But clamping down on the evasion is difficult in the opaque world of merchant shipping.
In addition, the Atlantic Council notes, most Russian banks maintain access to SWIFT – a messaging service that connects financial institutions around the world – enabling them to conduct international transactions and settle cross-border payments. Only some banks have been disconnected from the platform as part of sanctions.
The think tank also calculates that Russia imported over $900 million worth of battlefield and dual-use technology per month in the first half of 2023.
The UK National Crime Agency said recently: “Russia is trying to procure UK sanctioned goods through intermediary countries… using complex supply chains and alternative supply routes to acquire sanctioned products.”
A Financial Times analysis of official Russian data found that, as access to precision tools from the West has been closed off, Russia increased imports of advanced machine tools known as computer numerical control (CNC) from China tenfold. Taiwanese and South Korean enterprises have also sold such tools, which can be used in military industries, the FT found.
Russia has used intermediaries that conceal the ultimate destination and end-use of items of everything from ball bearings to navigational equipment with growing confidence. The US Treasury is trying to keep up, says Abely, by going after these intermediaries. Last month it sanctioned several Turkish companies; Chinese and UAE companies have also been sanctioned.
It’s a painstaking process, but it raises the costs to Russia. “Sanctions have restricted the access of Russia’s military industry to sophisticated technology and Russia has been forced to pay a premium for substitutes from other markets,” the Bank of Finland says in a recent report. It estimates that the cost to Russia of Chinese goods useful to its war effort rose 78% from 2021 to 2023.
Sanctions against individuals, including the freezing of their assets and the confiscation of superyachts, have not led to a groundswell of opposition to the Kremlin or even the war amongst the elite, though a couple of oligarchs have voiced their opposition (from relatively safe foreign shores.) Very few of their assets have been confiscated by Western countries – and the Kremlin has given them a stark choice: support the motherland or lose everything.
There’s little sign that ordinary Russians have been drastically impacted by Western sanctions.
While it is much more difficult for Russians to visit Europe, hundreds of thousands take vacations in Turkey, Egypt and Thailand. The Russian travel industry reported that Russian tourists made 7 million foreign trips in the first nine months of last year, up 50% from the same period in 2022.
Luxury goods stores in Moscow are full of Western goods, many of which come via third countries like Kazakhstan.
Some sanctions are already having an impact on consumers. The Russian airline S7 said in December that about 20% of its aircraft grounded because their US-made engines cannot be repaired, leading to fewer flights and staff cuts.

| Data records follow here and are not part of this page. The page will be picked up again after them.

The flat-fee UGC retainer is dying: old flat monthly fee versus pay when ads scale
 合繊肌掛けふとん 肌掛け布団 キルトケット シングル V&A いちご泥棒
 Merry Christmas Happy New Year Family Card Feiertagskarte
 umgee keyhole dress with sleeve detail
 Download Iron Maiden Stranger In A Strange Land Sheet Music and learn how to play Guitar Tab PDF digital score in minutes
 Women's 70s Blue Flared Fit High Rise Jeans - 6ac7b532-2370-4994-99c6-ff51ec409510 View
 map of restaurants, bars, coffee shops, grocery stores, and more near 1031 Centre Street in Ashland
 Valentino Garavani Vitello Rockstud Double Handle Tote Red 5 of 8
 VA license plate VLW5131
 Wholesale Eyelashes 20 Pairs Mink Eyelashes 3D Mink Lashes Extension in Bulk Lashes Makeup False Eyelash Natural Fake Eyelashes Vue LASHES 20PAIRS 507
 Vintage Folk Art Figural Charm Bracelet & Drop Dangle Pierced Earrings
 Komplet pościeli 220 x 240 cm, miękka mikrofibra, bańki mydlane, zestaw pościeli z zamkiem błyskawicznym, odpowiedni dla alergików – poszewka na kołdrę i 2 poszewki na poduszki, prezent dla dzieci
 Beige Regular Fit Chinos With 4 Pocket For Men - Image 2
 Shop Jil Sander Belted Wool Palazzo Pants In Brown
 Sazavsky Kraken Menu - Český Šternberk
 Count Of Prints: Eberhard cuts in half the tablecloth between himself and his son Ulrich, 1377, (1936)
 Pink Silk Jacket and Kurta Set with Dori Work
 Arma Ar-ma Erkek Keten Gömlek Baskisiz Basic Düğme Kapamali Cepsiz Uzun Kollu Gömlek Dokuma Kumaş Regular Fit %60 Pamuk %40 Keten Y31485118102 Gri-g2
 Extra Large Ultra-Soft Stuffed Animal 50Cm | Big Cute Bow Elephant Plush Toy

Sanctions will have a long-term impact on the Russian economy, according to the European Commission. In an assessment published in mid-2023, the European Union’s executive arm said the effects “will further intensify over time, as the measures have a structural, long-term impact on Russia’s budget, financial markets, foreign investment and its industrial and technological base.”
One senior US official, Geoffrey Pyatt, told the Financial Times recently: “This is something that we’re going to have to stick to for years to come, as long as Putin persists in this war.”
According to Rachel Lyngaas, chief sanctions economist at the US Treasury, Russia’s leaders “face increasingly painful trade-offs that will sacrifice long-term prospects — as underinvestment, slow productivity growth, and labor shortages will only deepen.”
So while Russia may have so far subverted the impact of sanctions, they will contribute to a gloomy long-term prognosis.
The cost of the war in Ukraine is already having a profound effect. Russia is likely to devote a staggering 40% of its budget to the military in 2024 – 8% of national income.
Sectors like education and healthcare suffer accordingly as more resources are poured into the war effort.
The Bank of Finland says the economic growth touted by Putin is coming from “relatively low-technology branches such as manufacturing of fabricated metals, where Russia is less reliant on imports and thereby less affected by Western sanctions.”
“The current focus on military production has diverted resources from Russia’s civilian industries, making it more difficult to rely on branches that typically form the backbone of advanced economies to provide long-term growth.”
In turn this has worsened problems such as labor shortages and inflation.
The result is that Russia’s economy is overheating. Unemployment is less than 3%, according to official figures, a record low in post-Soviet Russia.
Officially, inflation is at about 7%, but the head of Russia’s central bank, Elvira Nabiullina, suggested in December that it was rising again, stoked by cash hand-outs to soldiers and their families as well as high consumer borrowing. In September 2023, consumer borrowing for subsidized mortgages was nearly 50% higher than a year earlier.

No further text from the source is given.